After a successful Society conference, the IR community has returned to the familiar challenges from politics, regulation and markets. Richard Davies reviews the trends, particularly in corporate governance.
The IR Society conference in June affirmed several of the trends long discussed in this column:
- the rise of passive investment, leading to the increasing importance of ESG issues to the working lives of IROs;
- the changing qualities of the sell-side and buy-side as MiFID II finally starts to bite;
- the challenge for public companies to find capital in an equity market which no longer supports them as it used to do;
- the shrinking of public equity in terms of number of companies listed in the UK and beyond; and
- the difficulties of squaring sustainability with the continued quest for growth.
As ever, it was easier to pose the question than find the answer but at least there was lively debate and the will to keep on trying to find the solution.

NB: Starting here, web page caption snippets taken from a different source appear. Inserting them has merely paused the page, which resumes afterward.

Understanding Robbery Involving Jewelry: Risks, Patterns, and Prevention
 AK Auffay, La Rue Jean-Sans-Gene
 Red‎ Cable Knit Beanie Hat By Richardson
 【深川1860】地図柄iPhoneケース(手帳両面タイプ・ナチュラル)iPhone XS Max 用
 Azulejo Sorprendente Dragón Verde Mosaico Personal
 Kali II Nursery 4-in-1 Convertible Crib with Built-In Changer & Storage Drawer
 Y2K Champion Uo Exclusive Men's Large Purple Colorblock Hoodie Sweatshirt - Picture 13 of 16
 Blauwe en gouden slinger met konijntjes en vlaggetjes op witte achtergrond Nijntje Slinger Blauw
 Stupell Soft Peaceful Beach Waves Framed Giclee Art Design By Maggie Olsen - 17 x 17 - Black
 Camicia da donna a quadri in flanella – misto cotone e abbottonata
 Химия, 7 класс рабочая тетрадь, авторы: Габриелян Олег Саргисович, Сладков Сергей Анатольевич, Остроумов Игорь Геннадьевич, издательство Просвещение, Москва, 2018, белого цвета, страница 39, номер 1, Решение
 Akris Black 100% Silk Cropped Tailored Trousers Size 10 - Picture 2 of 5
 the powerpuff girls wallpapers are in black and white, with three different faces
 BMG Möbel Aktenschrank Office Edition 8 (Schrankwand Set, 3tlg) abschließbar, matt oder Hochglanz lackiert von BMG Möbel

Like many others, I was struck by the impression of the IR profession in the UK being placed at the centre of capital market changes, good and bad, but also as reactive and informed by the wider economic and political realities of the current situation.
It seemed difficult to posit any way forward on any issue when our general future as a nation remains, to use that now hackneyed adjective, uncertain. In a world where our potential (and, as I type, seemingly likely if only perhaps initially for a few short days) future prime minister, has given an expletive-led rant about British business, it is difficult for any profession to imagine its future or set itself any goals.
We find ourselves in a perfect storm of regulatory change, structural shifts in markets and an increasing focus on non- directly financial issues such as sustainability, which were until only recently viewed as niche and marginal.
The governance debate
Life has become more difficult for the IRO but the new paradigm also brings new opportunities. As discussed in previous columns, this is a chance for IROs to take charge of the governance and wider ESG story at public companies and make IR a wider brief, the hub of how companies explain themselves to the markets.
We know increasing numbers of IROs are seeing themselves as the centre of the governance debates at their companies, working with their company secretary teams to produce the best outcomes at AGMs (by way of consolidated outreach campaigns to portfolio and governance fund managers and analysts at both active and passive managers), ensuring that the reporting on non-financial metrics and general ESG issues is to the highest quality and appropriately focused, and building towards a situation where investors believe that ESG concerns are ‘baked-in’ to the business in terms of board conviction.
Of course, boards have to believe in all this for this to really work but there has been a major shift in attitudes in recent years, driven by the realisation that not only do increasing numbers of investors take these issues seriously but also that their own roles are at stake in the new harsh world of annual re-election.
The challenges of ESG
ESG has seriously gone mainstream and so quickly – the rate of change of uplift of interest in this issue in IR in the UK is phenomenal (as witnessed by our recent conference). The challenges of the industry remain:
- the lack of a common measurement of value (which would help develop the theory of social accounting and provide a quantitative financial modelling scenario);
- the over-abundance of rating agencies whose similar questionnaires clog up the inboxes of UK plc;
- the reliance (whatever they may say) of investors on ratings agencies to influence investment decisions, with the unintended consequence of box- ticking having significant power over the life of the company potentially;
- the lack of a centralised common format for ESG reporting which encourages multiple overlapping data points for similar data categories with correlated time-wasting by companies filling out forms;
- the lack of a regulated framework within which rating agencies should operate, other than the generic market regime, which can produce market distortions not helpful to either issuers or investors; and
- the trend towards process becoming more important than insight, with safety found by companies in boiler-plate disclosure and investors moving more to an AI investment approach based on a quantitative rating of company behaviour.
We are still in the early days of ESG. The sector and issuers are still finding their feet, both in terms of understanding what should be reported and how. Given that some of the issues in the space have become partly political – the current emphasis by the government on the application of Section 172 of the Companies Act being a good example – these are debates that are only beginning. It is very sad therefore that during these turbulent times, one of the wisest minds of the governance world, Peter Montagnon, has recently suddenly passed away. As one of the godfathers of UK governance, Peter could always be relied upon to provide honest, intellectually robust and always useful insights into how the sector should develop.
A dear friend and a member of my company’s advisory board, I treasured his wit and grace, and I shall miss him deeply. I dedicate this piece of writing to Peter and give thanks for his contribution to our industry in ways we have yet to understand fully. May he rest in peace.